02-CPU jobs

ARTEMISA has some resources reserved for CPU-only jobs.

Modern frameworks like TensorFlow or Keras allow the creation of data pipelines that benefit from parallel processing in CPU (eg. data augmentation) and GPU (eg. training). However, some tasks like data preparation and augmentation can be done in parallel taking advantage of the number of CPUs, speeding up the process.

We propose a basic example of data preparation requesting only CPU resources, to be used in an image classifier.

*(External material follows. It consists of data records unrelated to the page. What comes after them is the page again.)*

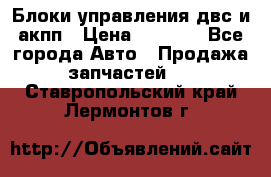 Блоки управления двс и акпп › Цена ­ 3 000 - Все города Авто » Продажа запчастей   . Ставропольский край,Лермонтов г.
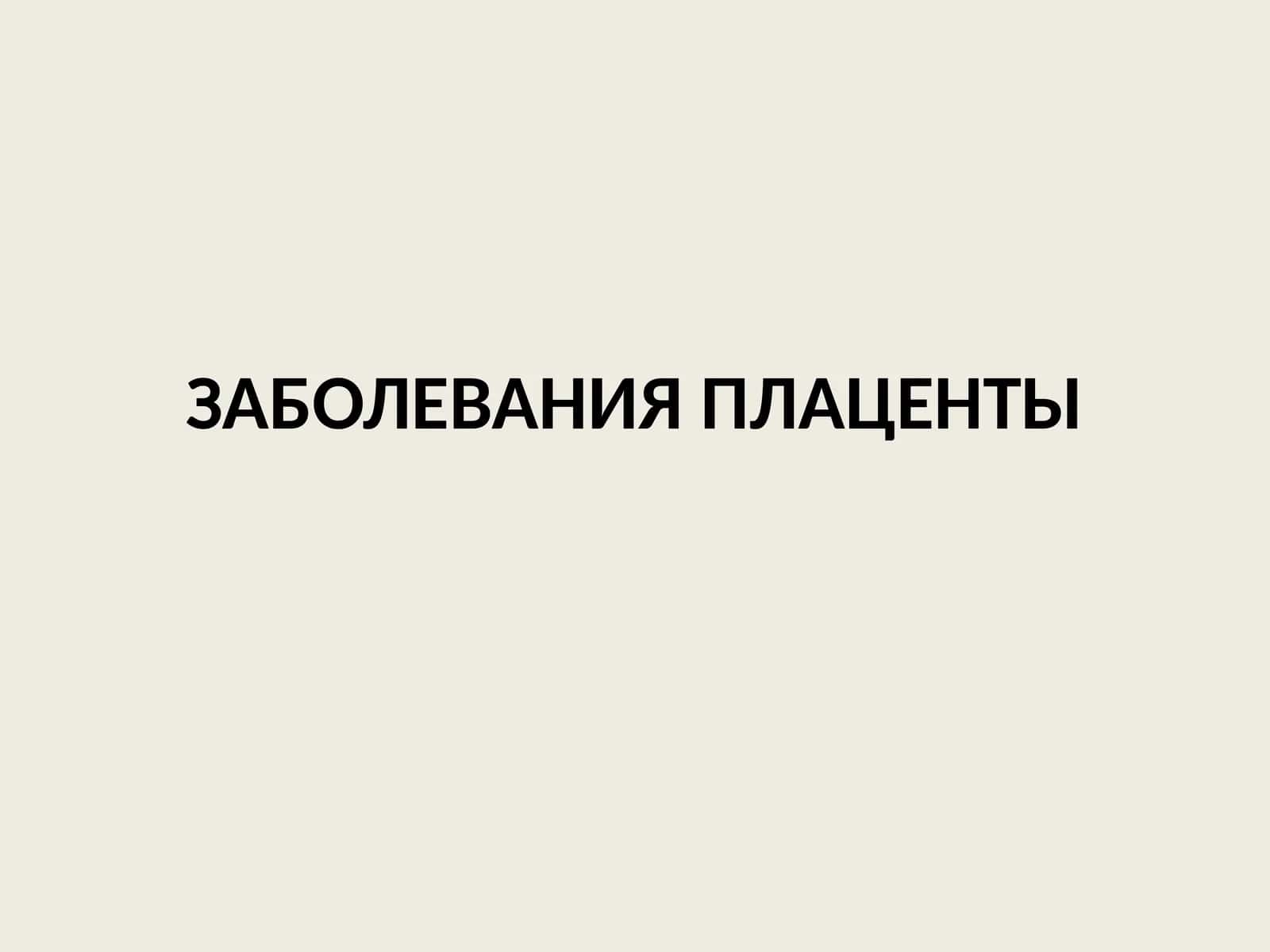 ЗАБОЛЕВАНИЯ ПЛАЦЕНТЫ 1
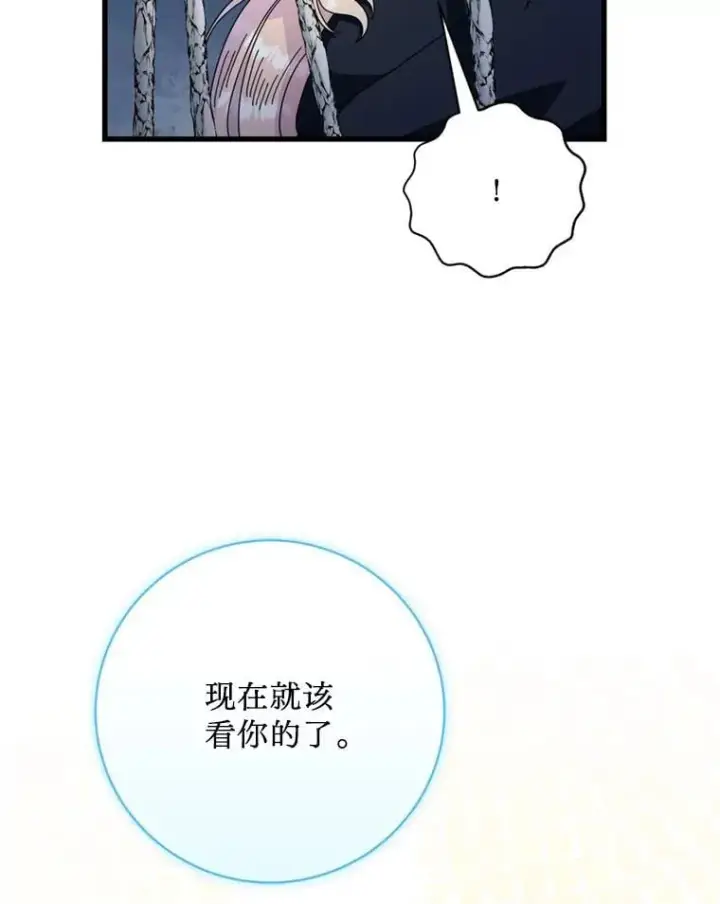 漫画《请痛快地处决我》67.结界被毁第16张图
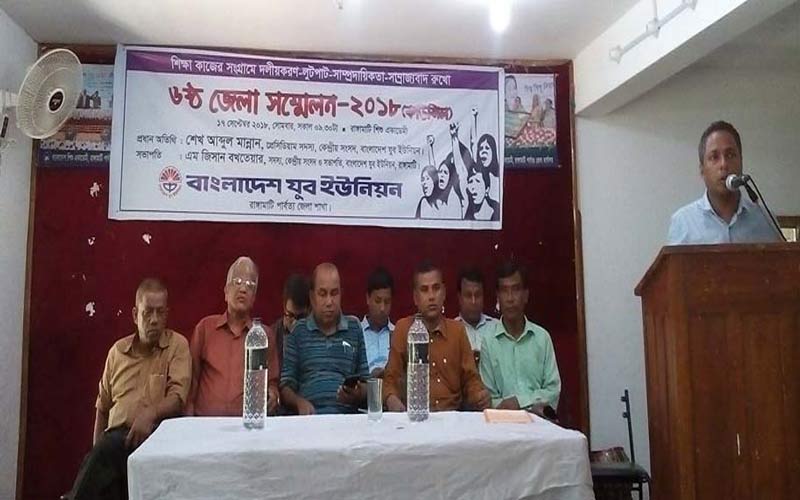 ‘যুবকদের কর্মসংস্থান করতে দেশের বিভিন্ন জেলায় জেলায় শিল্প কারখানা গড়ে তুলতে হবে’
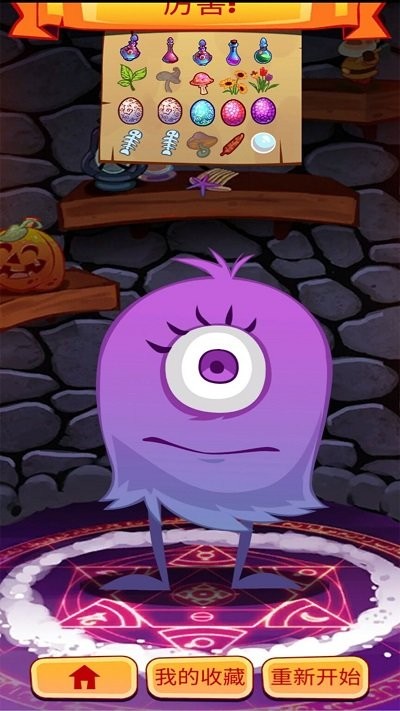 种植大挑战官方版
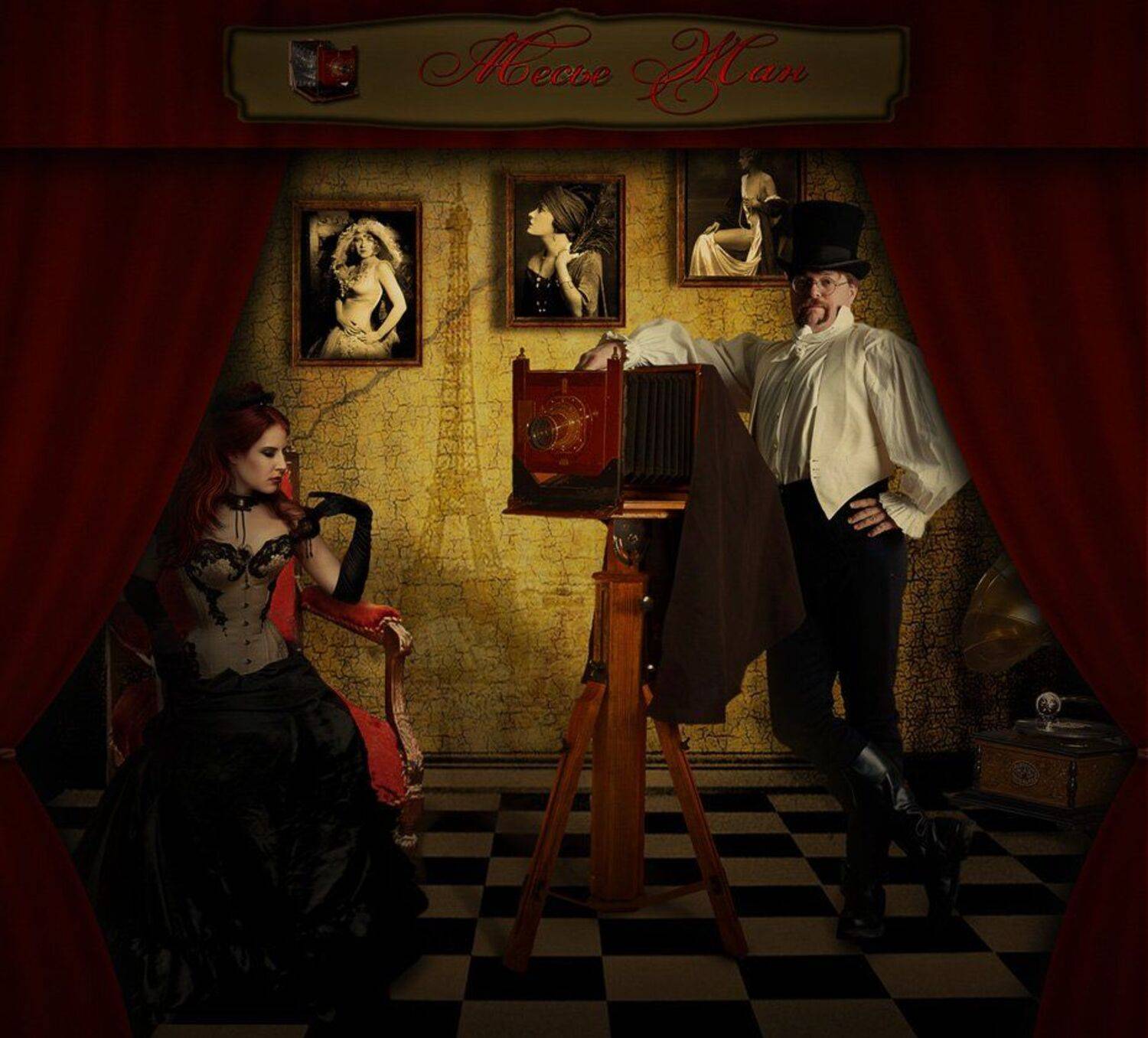 коллаж, Natali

The target dataset is the more challenging CIFAR-10 image dataset.

Local CPU execution

First, activate the conda environment created in the first tutorial

$ conda activate artuto

We will need the following packages

(artuto) $ pip install tensorflow-datasets scipy

We are going to run the following python code: augment_data_cpu.py

#!/usr/bin/env python3

# https://stepup.ai/train_data_augmentation_keras/

import os
import tensorflow as tf
from tensorflow.keras.datasets import cifar10
from tensorflow.keras import layers, models
from tensorflow.keras.preprocessing.image import ImageDataGenerator
from tensorflow.keras.utils import to_categorical
import matplotlib.pyplot as plt

# Helper function to inspect the first images in a dataset
def visualize_data(images, categories, class_names, file_name):
    fig = plt.figure(figsize=(14, 6))
    fig.patch.set_facecolor('white')
    for i in range(3 * 7):
        plt.subplot(3, 7, i+1)
        plt.xticks([])
        plt.yticks([])
        plt.imshow(images[i])
        class_index = categories[i].argmax()
        plt.xlabel(class_names[class_index])
    fig.savefig(file_name)

os.environ['CUDA_VISIBLE_DEVICES'] = "0"

# CIFAR-10 Dataset
class_names = ['airplane', 'automobile', 'bird', 'cat', 'deer', 'dog', 'frog', 'horse', 'ship', 'truck']
num_classes = len(class_names)

(x_train, y_train), (x_test, y_test) = cifar10.load_data()

x_train = x_train / 255.0
y_train = to_categorical(y_train, num_classes)

x_test = x_test / 255.0
y_test = to_categorical(y_test, num_classes)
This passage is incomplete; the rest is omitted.